What this strategy gets right is its focus on security, increasing military relationships and operations, and enhanced intelligence and cyber security networks. On trade, the strategy rightly points out that Canada needs to modernize the Investment Canada Act to better protect our national interests. We need more of that.

However, notably absent from this strategy is the complete lack of acknowledgement of political interference after recent revelations by CSIS that China directly tried to manipulate Canada’s political process and its warning that China is the “foremost aggressor” (among others) when it comes to foreign interference. Also missing were specifics on how to assist Taiwan to survive the next decade, and the creation of a federal foreign agent registry (modeled on one in Australia) forcing former senior public officials and politicians to disclose their activities. 

Bet on Washington

However, what this strategy most fundamentally fails to understand in strategic terms is that our partnership with the U.S. ought to be the gateway to the Indo-Pacific region. China’s disruptive behaviour has reaffirmed Washington as the security partner of choice for many Pacific nations, presenting Canada with an opportunity to shore up support with Washington (by far our most important security partner in the Pacific) and gain favour with the emerging coalition of Indo-Pacific nations. 

As a start, Canada could invest in new submarines and autonomous systems which would allow us to dispense with our aging and rickety fleet, patrol the Canadian coastline and support U.S. naval operations to defend fortress North America as the Chinese navy grows stronger every year. Siding with the U.S. is also strategically wise as the long-term odds favour Washington over Beijing for three reasons. 
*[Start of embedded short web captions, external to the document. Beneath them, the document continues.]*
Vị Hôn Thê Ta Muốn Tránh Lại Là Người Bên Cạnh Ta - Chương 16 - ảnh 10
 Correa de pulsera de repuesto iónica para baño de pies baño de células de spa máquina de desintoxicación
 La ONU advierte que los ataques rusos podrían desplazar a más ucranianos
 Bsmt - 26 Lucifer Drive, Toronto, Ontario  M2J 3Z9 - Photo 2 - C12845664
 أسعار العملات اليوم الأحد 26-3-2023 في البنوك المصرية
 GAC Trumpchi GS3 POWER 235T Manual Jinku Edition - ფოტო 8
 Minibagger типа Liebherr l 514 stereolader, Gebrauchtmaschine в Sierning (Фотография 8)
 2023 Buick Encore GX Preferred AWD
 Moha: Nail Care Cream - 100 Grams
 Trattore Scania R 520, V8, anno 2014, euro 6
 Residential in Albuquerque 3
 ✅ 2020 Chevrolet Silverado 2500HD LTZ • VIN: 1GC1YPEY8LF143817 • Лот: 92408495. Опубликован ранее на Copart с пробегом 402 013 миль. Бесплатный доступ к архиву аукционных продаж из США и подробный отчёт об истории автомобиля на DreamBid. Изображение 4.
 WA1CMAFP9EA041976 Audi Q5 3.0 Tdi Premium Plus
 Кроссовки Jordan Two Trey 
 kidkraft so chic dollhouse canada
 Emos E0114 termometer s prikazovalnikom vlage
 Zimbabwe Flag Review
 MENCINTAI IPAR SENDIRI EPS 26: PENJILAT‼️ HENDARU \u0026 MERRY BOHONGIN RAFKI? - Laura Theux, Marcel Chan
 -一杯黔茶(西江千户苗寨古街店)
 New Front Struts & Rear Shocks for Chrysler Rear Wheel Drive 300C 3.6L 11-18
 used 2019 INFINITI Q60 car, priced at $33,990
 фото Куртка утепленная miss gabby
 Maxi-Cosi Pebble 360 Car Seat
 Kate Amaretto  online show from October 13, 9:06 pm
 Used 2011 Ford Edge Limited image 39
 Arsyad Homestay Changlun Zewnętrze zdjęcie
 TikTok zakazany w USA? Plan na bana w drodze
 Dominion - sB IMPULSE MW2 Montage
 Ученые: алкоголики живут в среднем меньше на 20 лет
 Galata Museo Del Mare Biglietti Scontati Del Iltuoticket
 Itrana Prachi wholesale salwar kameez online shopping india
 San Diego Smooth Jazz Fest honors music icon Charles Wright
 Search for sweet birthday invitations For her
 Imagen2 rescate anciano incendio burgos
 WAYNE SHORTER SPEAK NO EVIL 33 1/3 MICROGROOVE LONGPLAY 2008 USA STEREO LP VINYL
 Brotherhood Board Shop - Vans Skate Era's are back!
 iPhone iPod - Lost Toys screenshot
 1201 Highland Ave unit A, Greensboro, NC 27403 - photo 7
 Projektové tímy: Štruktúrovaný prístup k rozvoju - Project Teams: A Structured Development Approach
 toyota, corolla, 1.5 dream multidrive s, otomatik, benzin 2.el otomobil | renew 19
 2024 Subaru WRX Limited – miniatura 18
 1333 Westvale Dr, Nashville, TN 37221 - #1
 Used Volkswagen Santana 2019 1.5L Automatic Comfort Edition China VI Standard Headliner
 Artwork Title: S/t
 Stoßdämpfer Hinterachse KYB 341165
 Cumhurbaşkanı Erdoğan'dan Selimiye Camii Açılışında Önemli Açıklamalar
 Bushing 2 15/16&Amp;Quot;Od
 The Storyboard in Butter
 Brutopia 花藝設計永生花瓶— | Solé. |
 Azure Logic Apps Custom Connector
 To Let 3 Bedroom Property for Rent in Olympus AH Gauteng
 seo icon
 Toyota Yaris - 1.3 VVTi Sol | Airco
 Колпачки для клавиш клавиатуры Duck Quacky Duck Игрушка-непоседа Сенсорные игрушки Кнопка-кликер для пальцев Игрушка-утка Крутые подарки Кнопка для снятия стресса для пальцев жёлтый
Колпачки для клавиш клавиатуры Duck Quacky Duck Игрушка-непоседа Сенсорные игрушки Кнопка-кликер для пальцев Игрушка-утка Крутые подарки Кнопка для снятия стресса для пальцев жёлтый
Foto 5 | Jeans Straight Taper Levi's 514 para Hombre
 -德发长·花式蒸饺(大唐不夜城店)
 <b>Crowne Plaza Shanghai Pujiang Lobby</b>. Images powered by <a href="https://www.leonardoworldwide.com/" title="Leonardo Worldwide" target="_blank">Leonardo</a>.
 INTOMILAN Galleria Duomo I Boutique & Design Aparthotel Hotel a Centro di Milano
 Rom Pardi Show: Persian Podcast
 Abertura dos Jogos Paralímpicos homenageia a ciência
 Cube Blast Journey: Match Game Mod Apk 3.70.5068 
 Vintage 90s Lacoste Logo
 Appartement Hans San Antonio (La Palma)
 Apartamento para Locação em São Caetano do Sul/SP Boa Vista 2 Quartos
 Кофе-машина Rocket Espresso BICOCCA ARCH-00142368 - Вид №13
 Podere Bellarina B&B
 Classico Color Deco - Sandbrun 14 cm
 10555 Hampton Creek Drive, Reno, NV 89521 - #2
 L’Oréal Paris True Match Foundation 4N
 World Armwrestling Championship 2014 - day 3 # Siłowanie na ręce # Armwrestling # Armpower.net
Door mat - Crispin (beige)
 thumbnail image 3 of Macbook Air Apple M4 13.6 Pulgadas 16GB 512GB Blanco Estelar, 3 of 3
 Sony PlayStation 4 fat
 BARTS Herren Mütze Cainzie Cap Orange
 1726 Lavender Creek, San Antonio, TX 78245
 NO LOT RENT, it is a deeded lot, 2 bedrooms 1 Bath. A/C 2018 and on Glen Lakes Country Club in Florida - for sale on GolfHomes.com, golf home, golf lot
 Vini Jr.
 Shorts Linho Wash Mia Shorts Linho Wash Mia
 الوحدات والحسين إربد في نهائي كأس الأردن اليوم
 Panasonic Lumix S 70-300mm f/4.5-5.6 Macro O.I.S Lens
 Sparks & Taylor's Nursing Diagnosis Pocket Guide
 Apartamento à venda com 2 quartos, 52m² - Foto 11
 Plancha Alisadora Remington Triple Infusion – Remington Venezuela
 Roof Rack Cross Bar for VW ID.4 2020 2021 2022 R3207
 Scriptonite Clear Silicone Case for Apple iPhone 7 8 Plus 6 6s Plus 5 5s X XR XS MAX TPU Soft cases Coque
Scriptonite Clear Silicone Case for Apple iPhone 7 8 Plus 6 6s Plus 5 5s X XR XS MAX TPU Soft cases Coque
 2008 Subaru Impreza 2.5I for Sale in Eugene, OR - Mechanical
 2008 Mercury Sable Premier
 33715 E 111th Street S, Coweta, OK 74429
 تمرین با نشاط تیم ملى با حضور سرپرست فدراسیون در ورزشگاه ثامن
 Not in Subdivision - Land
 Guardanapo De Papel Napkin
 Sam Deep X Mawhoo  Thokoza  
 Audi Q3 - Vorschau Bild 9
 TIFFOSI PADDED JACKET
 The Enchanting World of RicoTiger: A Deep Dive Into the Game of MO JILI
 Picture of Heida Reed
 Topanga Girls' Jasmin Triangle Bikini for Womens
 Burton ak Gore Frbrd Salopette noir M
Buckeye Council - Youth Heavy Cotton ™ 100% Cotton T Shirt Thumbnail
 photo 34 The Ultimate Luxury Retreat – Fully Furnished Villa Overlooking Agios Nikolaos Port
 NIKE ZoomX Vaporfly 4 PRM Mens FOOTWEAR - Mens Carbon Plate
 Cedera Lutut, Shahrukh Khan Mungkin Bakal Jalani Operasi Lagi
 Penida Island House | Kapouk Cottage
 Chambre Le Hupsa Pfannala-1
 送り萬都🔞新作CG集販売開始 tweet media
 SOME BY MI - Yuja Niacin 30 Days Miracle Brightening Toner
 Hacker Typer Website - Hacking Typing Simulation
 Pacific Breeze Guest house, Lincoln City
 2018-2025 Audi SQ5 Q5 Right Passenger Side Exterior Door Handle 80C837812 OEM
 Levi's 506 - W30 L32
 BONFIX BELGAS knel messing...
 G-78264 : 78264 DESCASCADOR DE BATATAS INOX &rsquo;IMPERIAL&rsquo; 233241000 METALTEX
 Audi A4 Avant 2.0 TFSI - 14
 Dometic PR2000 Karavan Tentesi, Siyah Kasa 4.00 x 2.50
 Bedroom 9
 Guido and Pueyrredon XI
First, as a peaking power, China is in relative decline to other countries, such as India, which is rising at an accelerated pace. Second, China will get old before it gets rich. Without the people to work and generate income to pay for the rest of society, the demographics do not support Beijing’s long-term growth. Third, China’s private debt, particularly the real estate market, which makes up 30 percent of China’s GDP, is a ticking time bomb. It’s time we stopped pursuing fool’s gold. When it comes to choosing strategic partners, this is not a decision we should be struggling with. 

A policy, if you can keep it 

For the last 25 years, Canada’s relationship with China has been framed as a struggle between commercial interests versus the defence of human rights. During that time, Canada’s foreign policy establishment steadfastly defended trade with China as essential for human rights under the assumptions that it would make them live by the same global rules as everyone else, gain a billion customers for Canadian products, and strengthen the forces of domestic Chinese reform.

That misguided “willful blindness” has proven to be so utterly bankrupt that even Prime Minister Trudeau has turned against it. We must remain vigilant however to avoid backsliding into a “business as usual” mindset. Going forward the mantra ought to be: The sunny ways of the past are inadequate to the stormy present.